Capabilities
GET /capabilities is how a client discovers what the server hosts. No
request body. Response is a Capabilities object.
Response shape
{
"protocol_version": "1.0",
"rotation_format": "quaternion_xyzw",
"coordinate_system": "right_handed_y_up",
"units": "meters",
"response_formats": ["gltf_2.0_json", "gltf_2.0_binary"],
"models": [
{
"id": "kimodo-soma-rp",
"fps": 30.0,
"supports_retargeting": false,
"supports_async": false,
"supported_constraints": ["root_path", "effector_target", "pose_keyframe"],
"supported_segments": ["text", "unconditioned"],
"supported_guidance_types": ["nocfg", "regular", "separated"],
"predicted_contact_joints": ["LeftHeel", "LeftToe", "RightHeel", "RightToe"],
"native_clip_seconds": 10.0,
"chunking": "stitched",
"recommended_max_duration_seconds": 12.0,
"canonical_skeleton": { "joints": [ ] },
"limits": {
"max_duration_seconds": 30.0,
"max_num_samples": 16,
"max_constraints_per_request": 64,
"max_prompt_length": 1000,
"max_request_bytes": 1048576
}
}
]
}
Model fields
| Field | Type | Notes |
|---|---|---|
id | string | Used as request.model |
fps | number | Native frame rate of the model |
supports_retargeting | bool | If false, requests MUST send canonical_skeleton verbatim |
supports_async | bool | If true, server may return 202 Accepted for long generations (see Async) |
supported_constraints | string[] | Constraint type names the model accepts |
supported_segments | string[] | Segment types the model accepts.

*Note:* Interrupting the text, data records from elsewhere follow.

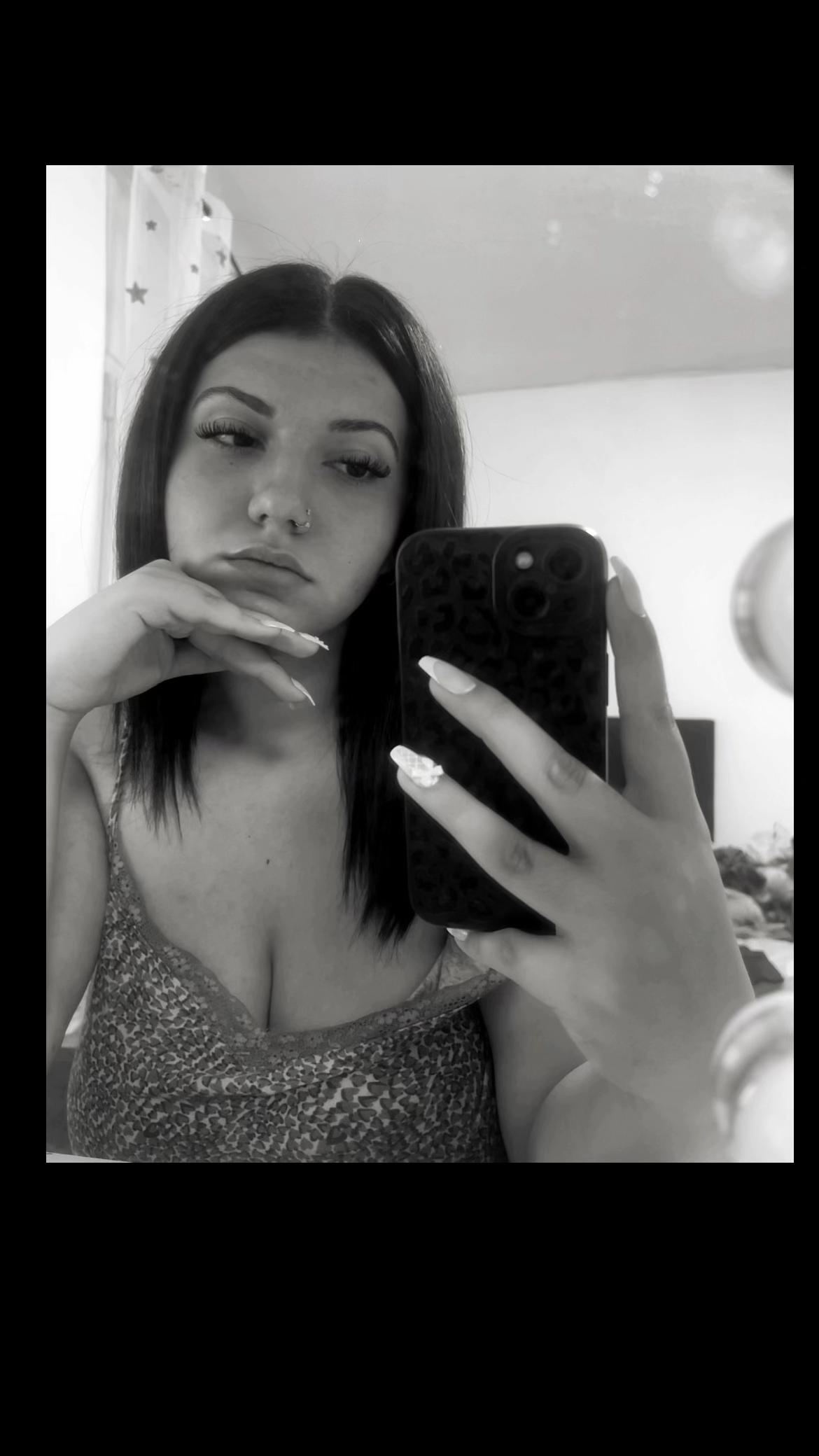 @🤓
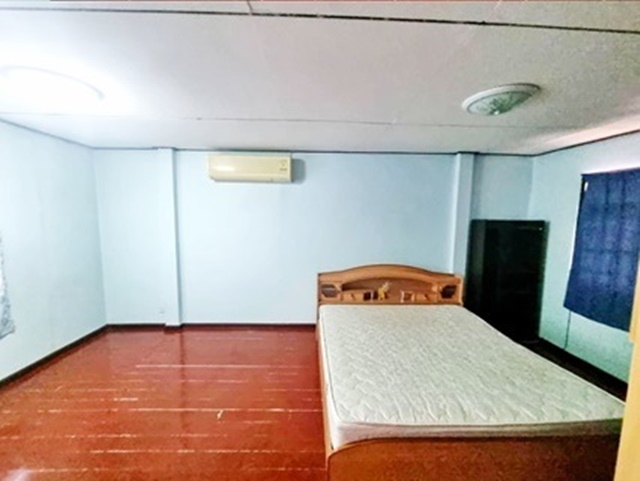 บ้านเดี่ยว 2 ชั้น 45 ตร.วา.200 ตร.ม.2 น้ำ 3 แอร์ ย่านรัชดา ห้วยขวาง พร้อมเฟอร์ รร.นานาชาติเคไอเอส 900 ม.4 นอน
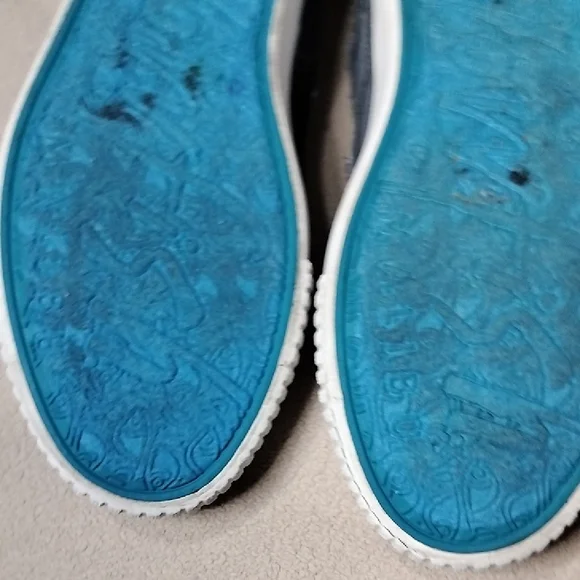 Blowfish Women's Casual Gray Slip-On Sneakers - Picture 9 of 10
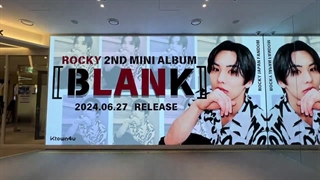 موزیک ویدئو jealousy راکی منتشر شد. تبلیغاتی که فن های Gangnam coex برای انتشار موزیک ویدئو راکی انجام دادن.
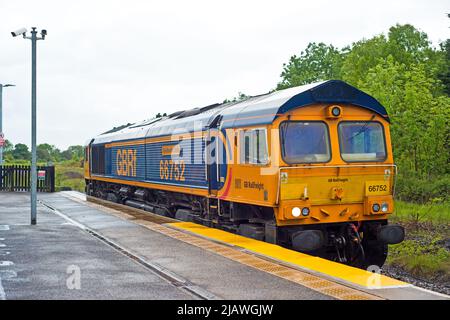 GBRF Classe 66752 lo Stato Hoosier sul cambiamento dell'equipaggio alla stazione ferroviaria di Eaglescliffe, Stockton on Tees, Cleveland, Inghilterra Foto Stock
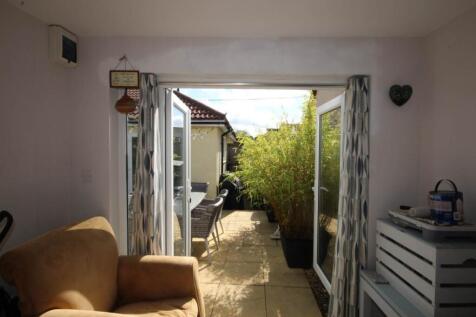Summerhouse (2)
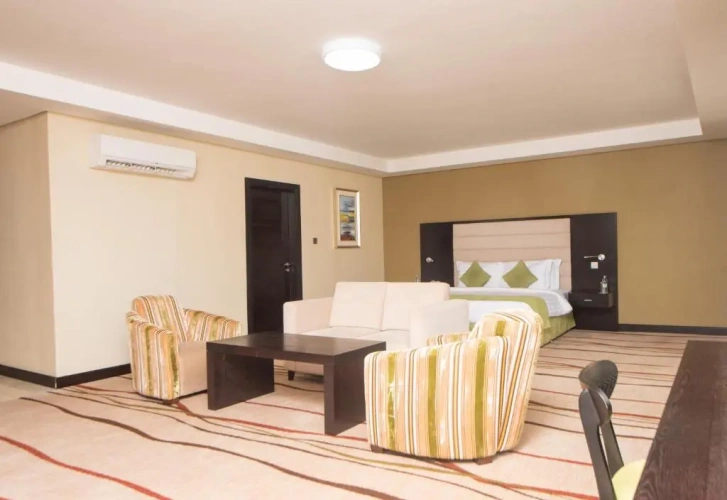 Deluxe Suite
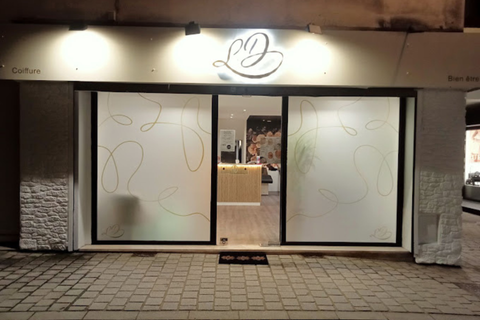 Une devanture de magasin avec un panneau indiquant « ld » dessus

Defaults to ["text", "unconditioned"]; backbones with a specialized text-to-pose model add "pose" |
supported_guidance_types | string[] | Subset of ["nocfg", "regular", "separated"] |
predicted_contact_joints | string[] | Joint names (from canonical_skeleton) for which the model emits foot_contacts. Empty means no contact prediction |
native_clip_seconds | number | Duration the model was trained on. Requests beyond this are stitched per chunking |
chunking | "none" | "stitched" | If "stitched", server may chunk longer requests internally |
recommended_max_duration_seconds | number | Comfort-zone duration; clients SHOULD warn the user past this point |
canonical_skeleton | Skeleton | The skeleton the model was trained on. See Skeletons → |
limits | object | Per-request limits |
Limits
| Field | Type | Notes |
|---|---|---|
max_duration_seconds | number | Largest accepted total duration |
max_num_samples | int | Largest accepted Options.num_samples |
max_constraints_per_request | int | Sum across all constraints in the request |
max_prompt_length | int | Codepoints, per TextSegment.prompt |
max_request_bytes | int | Body size limit. Exceeding returns 413 payload_too_large |
Using the canonical skeleton
A client that wants to use a model without retargeting reads
canonical_skeleton from this endpoint and submits it verbatim in
subsequent /generate requests:
curl -s https://server/capabilities \
| jq '.models[] | select(.id == "kimodo-soma-rp") | .canonical_skeleton' \
> canonical.json
Then in your request:
{
"protocol_version": "1.0",
"model": "kimodo-soma-rp",
"skeleton": { "joints": [/* paste from canonical.json */] },
"segments": [/* … */]
}
When supports_retargeting: true (the common case for production servers),
you can ignore the canonical and send the user's actual skeleton.